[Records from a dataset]
****************************************
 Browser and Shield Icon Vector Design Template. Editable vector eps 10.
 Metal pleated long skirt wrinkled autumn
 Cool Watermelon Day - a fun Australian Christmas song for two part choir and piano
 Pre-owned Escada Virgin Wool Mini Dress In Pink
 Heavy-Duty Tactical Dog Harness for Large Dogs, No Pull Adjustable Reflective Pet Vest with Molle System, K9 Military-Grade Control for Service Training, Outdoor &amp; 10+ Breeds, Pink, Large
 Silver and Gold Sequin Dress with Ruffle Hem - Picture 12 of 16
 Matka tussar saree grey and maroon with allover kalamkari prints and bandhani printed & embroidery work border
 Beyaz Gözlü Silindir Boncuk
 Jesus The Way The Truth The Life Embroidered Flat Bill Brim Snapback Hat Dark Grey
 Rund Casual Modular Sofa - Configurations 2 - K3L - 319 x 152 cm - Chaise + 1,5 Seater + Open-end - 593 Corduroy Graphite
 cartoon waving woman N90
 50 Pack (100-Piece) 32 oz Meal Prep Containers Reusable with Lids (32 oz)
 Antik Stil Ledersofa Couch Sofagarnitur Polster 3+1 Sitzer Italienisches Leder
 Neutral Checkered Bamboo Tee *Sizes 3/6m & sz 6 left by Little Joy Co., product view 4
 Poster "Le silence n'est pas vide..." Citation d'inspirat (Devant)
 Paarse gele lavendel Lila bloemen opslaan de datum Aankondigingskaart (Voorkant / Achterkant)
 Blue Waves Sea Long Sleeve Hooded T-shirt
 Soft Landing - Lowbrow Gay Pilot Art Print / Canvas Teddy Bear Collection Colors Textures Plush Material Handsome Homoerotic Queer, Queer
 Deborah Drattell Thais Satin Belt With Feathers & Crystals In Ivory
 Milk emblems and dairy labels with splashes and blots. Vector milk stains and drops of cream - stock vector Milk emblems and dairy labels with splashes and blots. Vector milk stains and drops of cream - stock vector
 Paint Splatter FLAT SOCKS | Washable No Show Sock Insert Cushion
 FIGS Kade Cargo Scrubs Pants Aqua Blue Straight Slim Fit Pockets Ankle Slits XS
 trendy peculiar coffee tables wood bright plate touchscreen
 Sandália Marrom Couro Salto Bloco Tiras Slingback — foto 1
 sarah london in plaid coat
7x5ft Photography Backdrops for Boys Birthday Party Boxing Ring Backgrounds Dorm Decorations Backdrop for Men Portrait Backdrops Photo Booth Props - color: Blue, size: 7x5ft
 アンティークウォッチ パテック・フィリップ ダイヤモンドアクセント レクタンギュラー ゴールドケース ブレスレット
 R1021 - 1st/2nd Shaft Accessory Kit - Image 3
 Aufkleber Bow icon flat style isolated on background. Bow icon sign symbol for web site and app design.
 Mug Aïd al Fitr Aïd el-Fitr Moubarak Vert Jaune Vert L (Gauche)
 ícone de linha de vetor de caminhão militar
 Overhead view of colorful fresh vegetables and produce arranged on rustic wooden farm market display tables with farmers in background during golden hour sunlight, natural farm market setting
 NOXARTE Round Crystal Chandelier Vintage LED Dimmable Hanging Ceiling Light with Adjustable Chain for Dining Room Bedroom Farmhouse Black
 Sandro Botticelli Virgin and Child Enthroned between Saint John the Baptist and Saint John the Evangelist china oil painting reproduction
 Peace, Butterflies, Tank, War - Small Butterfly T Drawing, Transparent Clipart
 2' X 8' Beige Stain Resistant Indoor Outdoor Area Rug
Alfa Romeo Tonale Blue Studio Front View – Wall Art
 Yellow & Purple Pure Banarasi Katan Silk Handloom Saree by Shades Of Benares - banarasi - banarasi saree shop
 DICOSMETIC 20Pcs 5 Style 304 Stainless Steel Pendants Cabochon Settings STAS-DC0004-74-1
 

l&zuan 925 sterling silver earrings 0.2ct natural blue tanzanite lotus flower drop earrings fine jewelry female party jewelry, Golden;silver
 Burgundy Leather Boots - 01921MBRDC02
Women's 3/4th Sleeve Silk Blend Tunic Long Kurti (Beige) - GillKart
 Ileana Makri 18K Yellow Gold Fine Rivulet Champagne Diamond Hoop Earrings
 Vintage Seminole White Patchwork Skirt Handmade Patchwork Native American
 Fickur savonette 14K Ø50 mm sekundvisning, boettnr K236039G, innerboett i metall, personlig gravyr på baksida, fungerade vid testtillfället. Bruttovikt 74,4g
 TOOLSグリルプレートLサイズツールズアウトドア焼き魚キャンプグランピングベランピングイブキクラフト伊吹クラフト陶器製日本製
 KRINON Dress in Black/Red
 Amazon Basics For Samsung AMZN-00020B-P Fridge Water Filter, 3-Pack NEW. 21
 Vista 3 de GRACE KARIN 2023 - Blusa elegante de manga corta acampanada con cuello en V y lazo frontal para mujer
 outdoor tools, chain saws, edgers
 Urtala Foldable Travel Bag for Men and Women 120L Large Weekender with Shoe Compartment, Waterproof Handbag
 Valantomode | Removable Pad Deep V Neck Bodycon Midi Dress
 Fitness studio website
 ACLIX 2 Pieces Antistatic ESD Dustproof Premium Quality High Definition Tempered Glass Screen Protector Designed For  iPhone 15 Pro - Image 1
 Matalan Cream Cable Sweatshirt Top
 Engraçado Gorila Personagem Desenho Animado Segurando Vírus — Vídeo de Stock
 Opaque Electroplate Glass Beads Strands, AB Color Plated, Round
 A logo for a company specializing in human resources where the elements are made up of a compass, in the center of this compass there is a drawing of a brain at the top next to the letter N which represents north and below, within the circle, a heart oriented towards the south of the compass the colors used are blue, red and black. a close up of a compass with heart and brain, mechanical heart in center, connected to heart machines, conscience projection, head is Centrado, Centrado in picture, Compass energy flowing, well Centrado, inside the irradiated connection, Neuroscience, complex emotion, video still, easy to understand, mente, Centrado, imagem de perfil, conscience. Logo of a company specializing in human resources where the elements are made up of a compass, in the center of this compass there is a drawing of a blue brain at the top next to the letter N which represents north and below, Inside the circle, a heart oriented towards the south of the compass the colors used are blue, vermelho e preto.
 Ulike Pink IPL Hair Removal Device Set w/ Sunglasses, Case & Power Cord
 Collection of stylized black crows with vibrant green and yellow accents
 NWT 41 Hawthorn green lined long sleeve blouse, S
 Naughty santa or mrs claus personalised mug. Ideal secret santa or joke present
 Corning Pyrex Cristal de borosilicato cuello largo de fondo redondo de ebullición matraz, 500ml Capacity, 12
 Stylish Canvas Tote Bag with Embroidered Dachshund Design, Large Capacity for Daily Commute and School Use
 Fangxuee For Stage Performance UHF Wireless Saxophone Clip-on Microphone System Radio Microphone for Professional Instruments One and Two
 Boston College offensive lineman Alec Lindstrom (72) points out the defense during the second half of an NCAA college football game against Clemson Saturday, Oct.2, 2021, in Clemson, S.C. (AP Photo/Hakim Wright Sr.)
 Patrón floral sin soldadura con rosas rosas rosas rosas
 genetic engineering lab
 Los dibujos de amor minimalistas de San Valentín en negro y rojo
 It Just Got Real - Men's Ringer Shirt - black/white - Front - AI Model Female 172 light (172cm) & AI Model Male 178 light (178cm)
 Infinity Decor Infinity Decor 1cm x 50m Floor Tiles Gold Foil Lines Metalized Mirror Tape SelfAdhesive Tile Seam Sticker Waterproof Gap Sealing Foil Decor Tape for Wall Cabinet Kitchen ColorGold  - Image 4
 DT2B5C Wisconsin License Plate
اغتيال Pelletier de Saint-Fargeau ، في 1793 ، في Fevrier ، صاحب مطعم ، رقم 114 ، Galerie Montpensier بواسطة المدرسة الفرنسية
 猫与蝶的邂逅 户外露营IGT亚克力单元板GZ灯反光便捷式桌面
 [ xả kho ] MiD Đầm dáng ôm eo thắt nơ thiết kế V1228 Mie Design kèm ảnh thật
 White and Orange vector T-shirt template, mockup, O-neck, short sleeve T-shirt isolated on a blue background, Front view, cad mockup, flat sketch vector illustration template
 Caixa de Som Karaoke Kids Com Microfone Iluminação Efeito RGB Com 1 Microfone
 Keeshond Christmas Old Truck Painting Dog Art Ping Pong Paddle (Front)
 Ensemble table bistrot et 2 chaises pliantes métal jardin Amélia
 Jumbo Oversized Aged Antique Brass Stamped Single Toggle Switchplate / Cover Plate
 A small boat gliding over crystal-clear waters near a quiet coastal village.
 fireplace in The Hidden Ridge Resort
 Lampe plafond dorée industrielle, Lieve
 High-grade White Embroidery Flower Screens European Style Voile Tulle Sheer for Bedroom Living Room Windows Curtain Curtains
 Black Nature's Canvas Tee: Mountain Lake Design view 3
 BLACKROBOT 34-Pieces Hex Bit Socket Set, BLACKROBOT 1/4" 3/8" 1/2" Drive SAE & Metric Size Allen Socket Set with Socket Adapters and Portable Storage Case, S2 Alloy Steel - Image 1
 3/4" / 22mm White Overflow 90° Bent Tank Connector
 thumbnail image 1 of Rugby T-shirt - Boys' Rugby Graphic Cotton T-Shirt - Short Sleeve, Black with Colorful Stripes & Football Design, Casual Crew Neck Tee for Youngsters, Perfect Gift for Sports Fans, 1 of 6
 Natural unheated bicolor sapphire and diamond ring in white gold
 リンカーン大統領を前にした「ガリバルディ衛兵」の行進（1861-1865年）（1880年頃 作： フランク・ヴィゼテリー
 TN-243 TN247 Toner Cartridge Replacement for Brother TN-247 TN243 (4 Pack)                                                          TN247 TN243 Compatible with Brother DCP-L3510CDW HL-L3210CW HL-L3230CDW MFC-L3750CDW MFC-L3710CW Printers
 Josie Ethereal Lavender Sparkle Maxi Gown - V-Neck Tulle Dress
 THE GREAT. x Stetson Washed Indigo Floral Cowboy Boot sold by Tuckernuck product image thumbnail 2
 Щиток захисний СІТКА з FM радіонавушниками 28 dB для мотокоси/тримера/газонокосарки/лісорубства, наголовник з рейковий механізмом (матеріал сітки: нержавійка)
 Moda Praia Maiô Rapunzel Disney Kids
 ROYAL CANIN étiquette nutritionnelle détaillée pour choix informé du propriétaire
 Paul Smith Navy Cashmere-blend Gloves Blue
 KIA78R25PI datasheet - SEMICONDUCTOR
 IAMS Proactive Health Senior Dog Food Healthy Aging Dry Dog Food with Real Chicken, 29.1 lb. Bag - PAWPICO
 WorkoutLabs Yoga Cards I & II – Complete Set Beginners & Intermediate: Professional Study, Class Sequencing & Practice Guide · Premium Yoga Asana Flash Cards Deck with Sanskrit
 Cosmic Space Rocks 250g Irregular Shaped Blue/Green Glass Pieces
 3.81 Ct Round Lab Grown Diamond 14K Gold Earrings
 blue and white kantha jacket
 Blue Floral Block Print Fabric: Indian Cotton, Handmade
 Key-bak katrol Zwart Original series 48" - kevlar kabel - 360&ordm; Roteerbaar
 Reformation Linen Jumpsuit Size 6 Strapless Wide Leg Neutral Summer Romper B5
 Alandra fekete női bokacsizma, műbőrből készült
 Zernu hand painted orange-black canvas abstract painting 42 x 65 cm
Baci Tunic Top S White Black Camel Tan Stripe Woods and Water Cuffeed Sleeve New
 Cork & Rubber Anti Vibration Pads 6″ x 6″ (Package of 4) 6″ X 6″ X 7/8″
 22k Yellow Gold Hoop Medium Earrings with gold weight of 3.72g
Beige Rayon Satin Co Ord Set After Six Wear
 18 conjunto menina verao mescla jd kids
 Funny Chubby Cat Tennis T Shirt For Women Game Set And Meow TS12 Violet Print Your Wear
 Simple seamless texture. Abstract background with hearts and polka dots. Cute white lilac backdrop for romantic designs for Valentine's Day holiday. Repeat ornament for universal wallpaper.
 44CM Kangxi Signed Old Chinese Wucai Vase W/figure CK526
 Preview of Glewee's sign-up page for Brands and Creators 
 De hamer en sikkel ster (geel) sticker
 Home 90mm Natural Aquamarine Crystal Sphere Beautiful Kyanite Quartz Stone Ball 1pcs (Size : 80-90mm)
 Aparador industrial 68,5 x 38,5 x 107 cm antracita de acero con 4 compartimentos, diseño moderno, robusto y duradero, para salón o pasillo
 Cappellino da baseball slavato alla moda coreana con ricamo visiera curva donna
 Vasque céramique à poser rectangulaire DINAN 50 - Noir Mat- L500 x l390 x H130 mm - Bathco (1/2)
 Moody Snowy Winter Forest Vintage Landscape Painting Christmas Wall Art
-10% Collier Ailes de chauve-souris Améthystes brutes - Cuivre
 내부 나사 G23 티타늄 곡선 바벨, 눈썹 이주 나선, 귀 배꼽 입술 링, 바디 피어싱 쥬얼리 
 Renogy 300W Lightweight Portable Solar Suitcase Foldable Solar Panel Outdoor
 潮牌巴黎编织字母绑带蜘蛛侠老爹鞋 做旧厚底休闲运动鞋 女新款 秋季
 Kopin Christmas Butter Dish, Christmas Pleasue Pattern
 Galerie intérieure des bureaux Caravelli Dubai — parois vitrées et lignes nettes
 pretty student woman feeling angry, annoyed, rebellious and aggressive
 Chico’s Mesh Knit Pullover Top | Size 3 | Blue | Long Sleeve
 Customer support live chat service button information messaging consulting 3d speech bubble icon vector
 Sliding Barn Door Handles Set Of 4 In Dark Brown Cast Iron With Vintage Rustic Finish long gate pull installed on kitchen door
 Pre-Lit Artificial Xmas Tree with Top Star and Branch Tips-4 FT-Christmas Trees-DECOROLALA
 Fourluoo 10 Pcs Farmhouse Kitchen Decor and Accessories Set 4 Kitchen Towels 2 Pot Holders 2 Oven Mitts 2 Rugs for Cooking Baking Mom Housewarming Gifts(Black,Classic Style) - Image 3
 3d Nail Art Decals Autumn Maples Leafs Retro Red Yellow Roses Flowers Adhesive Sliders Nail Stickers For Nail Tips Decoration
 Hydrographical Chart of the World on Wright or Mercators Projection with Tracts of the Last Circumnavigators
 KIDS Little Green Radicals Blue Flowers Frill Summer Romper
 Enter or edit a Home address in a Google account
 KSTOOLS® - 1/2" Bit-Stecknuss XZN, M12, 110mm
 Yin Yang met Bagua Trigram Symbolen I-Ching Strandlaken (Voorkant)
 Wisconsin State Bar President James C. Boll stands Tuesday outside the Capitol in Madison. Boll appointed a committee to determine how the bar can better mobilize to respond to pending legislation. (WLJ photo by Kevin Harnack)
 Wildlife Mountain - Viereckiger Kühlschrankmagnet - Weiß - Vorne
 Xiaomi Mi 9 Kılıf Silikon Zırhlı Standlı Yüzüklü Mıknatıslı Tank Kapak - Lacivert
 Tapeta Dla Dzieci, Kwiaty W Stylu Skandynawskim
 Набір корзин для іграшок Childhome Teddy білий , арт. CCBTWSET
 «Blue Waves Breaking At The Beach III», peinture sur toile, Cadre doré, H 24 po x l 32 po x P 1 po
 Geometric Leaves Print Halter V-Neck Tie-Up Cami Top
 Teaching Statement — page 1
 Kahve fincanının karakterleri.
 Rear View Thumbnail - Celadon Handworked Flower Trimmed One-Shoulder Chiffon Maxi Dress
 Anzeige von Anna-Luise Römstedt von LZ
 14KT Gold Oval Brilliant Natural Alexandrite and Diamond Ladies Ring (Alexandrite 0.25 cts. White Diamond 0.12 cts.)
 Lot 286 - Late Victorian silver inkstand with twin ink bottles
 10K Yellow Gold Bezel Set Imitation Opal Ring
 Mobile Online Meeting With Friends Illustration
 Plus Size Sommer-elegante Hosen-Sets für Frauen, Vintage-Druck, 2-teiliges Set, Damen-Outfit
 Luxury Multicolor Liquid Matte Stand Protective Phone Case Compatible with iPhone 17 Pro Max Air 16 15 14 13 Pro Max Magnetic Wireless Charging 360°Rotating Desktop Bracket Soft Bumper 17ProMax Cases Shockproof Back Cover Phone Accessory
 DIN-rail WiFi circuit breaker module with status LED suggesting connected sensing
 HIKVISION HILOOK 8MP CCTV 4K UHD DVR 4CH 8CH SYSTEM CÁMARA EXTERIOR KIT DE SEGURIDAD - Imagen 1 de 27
****************************************
» **Task directions**
Go to the line with "Vista 3 de GRACE" in the entries above and repeat every line from there through the line with "Opaque Electroplate Glass", exactly and with no other text.

» **Exercise result**
 Vista 3 de GRACE KARIN 2023 - Blusa elegante de manga corta acampanada con cuello en V y lazo frontal para mujer
 outdoor tools, chain saws, edgers
 Urtala Foldable Travel Bag for Men and Women 120L Large Weekender with Shoe Compartment, Waterproof Handbag
 Valantomode | Removable Pad Deep V Neck Bodycon Midi Dress
 Fitness studio website
 ACLIX 2 Pieces Antistatic ESD Dustproof Premium Quality High Definition Tempered Glass Screen Protector Designed For  iPhone 15 Pro - Image 1
 Matalan Cream Cable Sweatshirt Top
 Engraçado Gorila Personagem Desenho Animado Segurando Vírus — Vídeo de Stock
 Opaque Electroplate Glass Beads Strands, AB Color Plated, Round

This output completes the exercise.